El mecenazgo privado de ‘Madrid Vivo’ proviene de cuarenta empresas que se han sentido tocadas por la varita de la divinidad ante la crisis y porque, como han señalado en la declaración de intenciones de la Fundación, tienen “interés por ampliar los límites de la dignidad humana más allá del materialismo economicista”, y va dirigido a todos aquellos “que consideran la espiritualidad como un elemento esencial para revitalizar la sociedad española…”
Este interés por la dignidad humana y la consideración de la espiritualidad como elemento de revitalización social, comienza a enturbiarse cuando nos enteramos de que, declarado por el Gobierno la JMJ como “evento de interés especial”, tal tratamiento se traduce en una exención fiscal a las empresas implicadas de hasta un 80% del capital invertido.

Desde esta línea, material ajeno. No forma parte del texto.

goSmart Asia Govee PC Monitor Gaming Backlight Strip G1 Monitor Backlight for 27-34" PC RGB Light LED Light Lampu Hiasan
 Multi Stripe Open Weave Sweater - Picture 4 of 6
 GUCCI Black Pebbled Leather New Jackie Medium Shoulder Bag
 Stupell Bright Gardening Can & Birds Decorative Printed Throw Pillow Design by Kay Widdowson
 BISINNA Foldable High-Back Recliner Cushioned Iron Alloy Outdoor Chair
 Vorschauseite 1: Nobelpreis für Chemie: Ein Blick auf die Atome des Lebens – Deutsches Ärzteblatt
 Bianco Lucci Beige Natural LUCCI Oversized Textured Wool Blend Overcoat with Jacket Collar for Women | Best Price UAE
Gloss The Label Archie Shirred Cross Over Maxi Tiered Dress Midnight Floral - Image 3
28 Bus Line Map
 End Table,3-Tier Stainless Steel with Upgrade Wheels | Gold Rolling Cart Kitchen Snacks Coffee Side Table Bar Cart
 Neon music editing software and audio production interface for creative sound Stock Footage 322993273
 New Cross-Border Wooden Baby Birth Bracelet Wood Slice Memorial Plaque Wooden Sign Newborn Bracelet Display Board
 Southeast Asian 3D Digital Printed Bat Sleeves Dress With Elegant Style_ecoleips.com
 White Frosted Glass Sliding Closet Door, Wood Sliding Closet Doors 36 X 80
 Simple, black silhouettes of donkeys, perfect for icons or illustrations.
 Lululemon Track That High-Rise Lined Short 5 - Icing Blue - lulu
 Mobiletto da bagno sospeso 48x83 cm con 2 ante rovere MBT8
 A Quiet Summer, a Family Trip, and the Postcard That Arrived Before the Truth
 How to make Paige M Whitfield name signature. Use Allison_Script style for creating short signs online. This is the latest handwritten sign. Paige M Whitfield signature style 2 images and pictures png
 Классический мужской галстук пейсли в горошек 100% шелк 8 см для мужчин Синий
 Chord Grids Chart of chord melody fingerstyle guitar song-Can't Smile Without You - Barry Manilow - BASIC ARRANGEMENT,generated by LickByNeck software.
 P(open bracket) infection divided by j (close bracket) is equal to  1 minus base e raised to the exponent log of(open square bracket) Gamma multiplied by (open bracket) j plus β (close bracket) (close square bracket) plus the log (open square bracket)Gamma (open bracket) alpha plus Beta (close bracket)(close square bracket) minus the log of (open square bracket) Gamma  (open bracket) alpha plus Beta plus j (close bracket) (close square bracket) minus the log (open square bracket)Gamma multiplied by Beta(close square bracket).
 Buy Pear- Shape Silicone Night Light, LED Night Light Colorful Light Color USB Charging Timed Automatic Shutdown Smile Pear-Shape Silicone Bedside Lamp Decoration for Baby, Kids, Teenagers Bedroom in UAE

Sin embargo, cuando la luz cegadora de la verdad se abre paso entre las tinieblas del cinismo más repugnante, es al conocer quiénes son los próceres que componen el elenco de paladines de la espiritualidad. Por no nombrarlos a todos, sólo señalaré algunos suficientemente representativos como para que las arcadas de la nausea retuerzan inevitablemente nuestra conciencia: Emilio Botín (Banco Santander), Francisco González (BBVA), César Alierta (Telefónica), Santiago Ybarra (Vocento), Iñigo de Oriol (Iberdrola), Isidro Fainé (La Caixa), Borja Prado (Endesa), Rodrigo Rato (Caja Madrid-Bankia), Ángel Ron (Banco Popular), etc. Esto es: la flor y nata de los desalmados que echan a las familias de sus casas, les embargan sus viviendas, y les hacen la “caridad cristiana” de mantenerles la deuda hasta que la muerte los libere; esto es: los rescatados de sus propios desmanes con dinero público a costa de dejar países enteros en absoluta ruina; esto es: los chupasangres que siguen aumentando sus pornográficos beneficios en una inversión del principio de los vasos comunicantes, según la cual: cuanto más tienen más ganan y cuanto menos más has de hundirte en la miseria.
Esta caterva de mercaderes insolidarios y los politicastros vendepatrias que los amparan, son los que tienen la desfachatez de promover la evangelizadora misión de convocar a los jóvenes en torno al último inquisidor a fin de que vayan “más allá del materialismo económico” –hay que tener cara– y se sientan integrados en esa “única familia” que es España, como tuvo la desvergüenza de decir Ratzinger-Benedicto en su pasado viaje a nuestro país, donde dejó otra cuenta de cerca de treinta millones de euros, a desembolsar del castigadísimo bolsillo de los contribuyentes. Verdaderamente, o estos advenedizos ponen de una vez freno a su caciquismo, o comprobarán cómo más pronto que tarde alguien se lo pondrá de una manera que todos desearíamos evitar, pero que, de seguir así, va a ser absolutamente inevitable.